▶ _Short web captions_
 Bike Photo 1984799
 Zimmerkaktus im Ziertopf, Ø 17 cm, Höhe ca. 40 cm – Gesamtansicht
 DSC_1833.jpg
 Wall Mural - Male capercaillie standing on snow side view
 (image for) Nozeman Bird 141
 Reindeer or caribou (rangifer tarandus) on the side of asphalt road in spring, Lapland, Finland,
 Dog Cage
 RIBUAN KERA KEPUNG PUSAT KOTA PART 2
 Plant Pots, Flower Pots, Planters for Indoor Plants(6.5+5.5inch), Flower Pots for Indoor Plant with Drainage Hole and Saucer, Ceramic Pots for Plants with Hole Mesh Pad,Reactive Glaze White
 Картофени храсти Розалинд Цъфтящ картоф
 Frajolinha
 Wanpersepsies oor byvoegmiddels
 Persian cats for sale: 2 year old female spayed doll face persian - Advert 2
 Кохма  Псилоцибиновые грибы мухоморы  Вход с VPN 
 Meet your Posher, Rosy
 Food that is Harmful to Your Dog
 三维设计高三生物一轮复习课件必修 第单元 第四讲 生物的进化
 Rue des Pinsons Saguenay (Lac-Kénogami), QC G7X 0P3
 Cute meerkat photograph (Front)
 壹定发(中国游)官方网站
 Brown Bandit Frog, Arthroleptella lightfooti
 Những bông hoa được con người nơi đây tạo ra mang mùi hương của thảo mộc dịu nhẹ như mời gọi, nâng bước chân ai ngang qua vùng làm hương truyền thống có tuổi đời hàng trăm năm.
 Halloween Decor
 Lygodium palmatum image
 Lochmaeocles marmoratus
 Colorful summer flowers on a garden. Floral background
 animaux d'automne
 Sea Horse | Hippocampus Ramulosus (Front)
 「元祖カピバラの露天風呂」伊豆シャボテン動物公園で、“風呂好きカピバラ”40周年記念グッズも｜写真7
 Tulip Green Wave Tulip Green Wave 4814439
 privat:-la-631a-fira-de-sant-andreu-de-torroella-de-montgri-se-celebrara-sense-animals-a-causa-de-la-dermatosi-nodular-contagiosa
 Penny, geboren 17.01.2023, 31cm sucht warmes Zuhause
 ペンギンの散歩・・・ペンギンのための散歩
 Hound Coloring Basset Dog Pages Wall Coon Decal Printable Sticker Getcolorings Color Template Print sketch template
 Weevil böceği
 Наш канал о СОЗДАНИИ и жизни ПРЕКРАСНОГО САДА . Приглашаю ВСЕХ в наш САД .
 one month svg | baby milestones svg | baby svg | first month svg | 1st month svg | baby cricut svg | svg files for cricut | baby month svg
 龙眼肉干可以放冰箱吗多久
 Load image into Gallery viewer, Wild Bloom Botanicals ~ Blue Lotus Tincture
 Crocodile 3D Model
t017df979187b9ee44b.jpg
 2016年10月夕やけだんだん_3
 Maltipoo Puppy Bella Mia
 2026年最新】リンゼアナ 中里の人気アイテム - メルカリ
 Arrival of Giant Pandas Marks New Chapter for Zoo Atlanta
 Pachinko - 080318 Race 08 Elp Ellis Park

▶ _TRY IT_
Above are the records; please copy exactly their first line and each line after it through the line containing "Brown Bandit Frog, Arthroleptella lightfooti", and no line after that.

▶ _ANSWER SPACE_
 Bike Photo 1984799
 Zimmerkaktus im Ziertopf, Ø 17 cm, Höhe ca. 40 cm – Gesamtansicht
 DSC_1833.jpg
 Wall Mural - Male capercaillie standing on snow side view
 (image for) Nozeman Bird 141
 Reindeer or caribou (rangifer tarandus) on the side of asphalt road in spring, Lapland, Finland,
 Dog Cage
 RIBUAN KERA KEPUNG PUSAT KOTA PART 2
 Plant Pots, Flower Pots, Planters for Indoor Plants(6.5+5.5inch), Flower Pots for Indoor Plant with Drainage Hole and Saucer, Ceramic Pots for Plants with Hole Mesh Pad,Reactive Glaze White
 Картофени храсти Розалинд Цъфтящ картоф
 Frajolinha
 Wanpersepsies oor byvoegmiddels
 Persian cats for sale: 2 year old female spayed doll face persian - Advert 2
 Кохма  Псилоцибиновые грибы мухоморы  Вход с VPN 
 Meet your Posher, Rosy
 Food that is Harmful to Your Dog
 三维设计高三生物一轮复习课件必修 第单元 第四讲 生物的进化
 Rue des Pinsons Saguenay (Lac-Kénogami), QC G7X 0P3
 Cute meerkat photograph (Front)
 壹定发(中国游)官方网站
 Brown Bandit Frog, Arthroleptella lightfooti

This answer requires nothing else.